North Korea's state news agency announced the decision to launch another space satellite on Saturday, just a day after Kim met a senior delegation from China's Communist Party in the North Korean capital of Pyongyang.
China, under new leadership, is North Korea's only major political backer and has continually urged peace on the Korean peninsula, where the North and South remain technically at war after an armistice, rather than a peace treaty, ended the 1950-53 conflict.
China's Foreign Ministry said it was deeply concerned by the move, but urged calm.
"North Korea has a right to the peaceful use of space, but this right has been restricted by UN Security Council resolutions. [China] hopes all sides can do more to benefit peace and stability on the peninsula, and hopes all sides handle it calmly to avoid the situation escalating," ministry spokesperson Qin Gang said in a statement.
In Washington, US State Department spokesperson Victoria Nuland condemned the launch plan as a provocative threat to the Asia-Pacific region that would violate United Nations resolutions imposed on Pyongyang after past missile tests.
"A North Korean 'satellite' launch would be a highly provocative act that threatens peace and security in the region," she said in a written statement.
North Korea has notified its neighbors of the proposed flight path, an unnamed South Korean official told Yonhap news agency on Sunday, saying that it would take a similar path to a failed rocket launch in April this year.
That was supposed to take the rocket overseas separating China and the Korean peninsula where the first stage of the rocket would drop into the sea, then to pass over Okinawa. The second stage was to fall in seas off the Philippines.
Pentagon spokesperson George Little said, "North Korea must abide by its international obligations under UN Security Council resolutions that clearly articulate what it can and cannot do with respect to missile technologies."
Seoul's foreign ministry called the move a "grave provocation." Japan's Kyodo news agency said Prime Minister Yoshihiko Noda had ordered ministries to be on alert for the launch.
"North Korea wants to tell China that it is an independent state by staging the rocket launch and it wants to see if the United States will drop its hostile policies," said Chang Yong-seok, a senior researcher at the Institute for Peace Affairs at Seoul National University.
North Korea is banned from conducting missile or nuclear-related activities under UN resolutions imposed after earlier nuclear and missile tests. The country says its rockets are used to put satellites into orbit for peaceful purposes, but that assertion is not widely accepted outside of Pyongyang.
Washington and Seoul believe that the impoverished North is testing long-range missile technology with the aim of developing an intercontinental ballistic missile capable of carrying a nuclear warhead.

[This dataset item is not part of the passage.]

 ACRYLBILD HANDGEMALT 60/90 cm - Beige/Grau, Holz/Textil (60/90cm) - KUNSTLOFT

Pyongyang's threats are aimed, in part, at winning concessions and aid from Washington, analysts say.
Politics and anniversaries
The failed April rocket launch took place to celebrate the 100th anniversary of the birth of North Korea founder Kim Il Sung and the latest test will take place close to the 17 December date of the death of former leader Kim Jong-il.

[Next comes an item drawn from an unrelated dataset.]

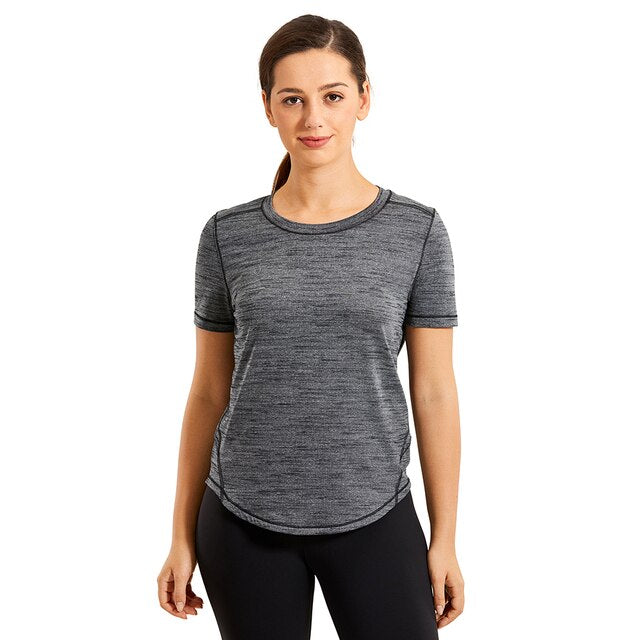 Women's Lightweight Heather Loose Fit Short Sleeve Sport Shirt Workout Top-7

It will also come as South Korea gears up for a 19 December presidential election in a vote that pits a supporter of closer engagement with Pyongyang against the daughter of South Korean dictator Park Chung-hee.
The April test was condemned by the United Nations, although taking action against the North is hard as China refuses to endorse further sanctions against Pyongyang.
North Korea is already one of the most heavily sanctioned states on earth thanks to its nuclear program.
Pyongyang has few tools to pressure the outside world to take it seriously due to its diplomatic isolation and its puny economy.
The state that Kim Jong-un inherited last December after the death of his father boasts a 1.2 million-member military, but its population of 23 million, many malnourished, supports an economy worth just US$40 billion annually in purchasing power parity terms, according to the US Central Intelligence Agency.
"The North's calculation may be that they have little to lose by going ahead with it at this point," said Baek Seung-joo of the Korea Institute for Defense Analyses in Seoul.
Baek said the test planned for December would likely be no more successful in launching a satellite than the April one that crashed into the sea between China and North Korea after flying just 120 km (75 miles).
"Kim Jong-un may be taking a big gamble trying to come back from the humiliating failure in April and in the process trying to raise the morale for the military," Baek said.
North Korea's space agency said on Saturday that it had worked on "improving the reliability and precision of the satellite and carrier rocket" since April's launch.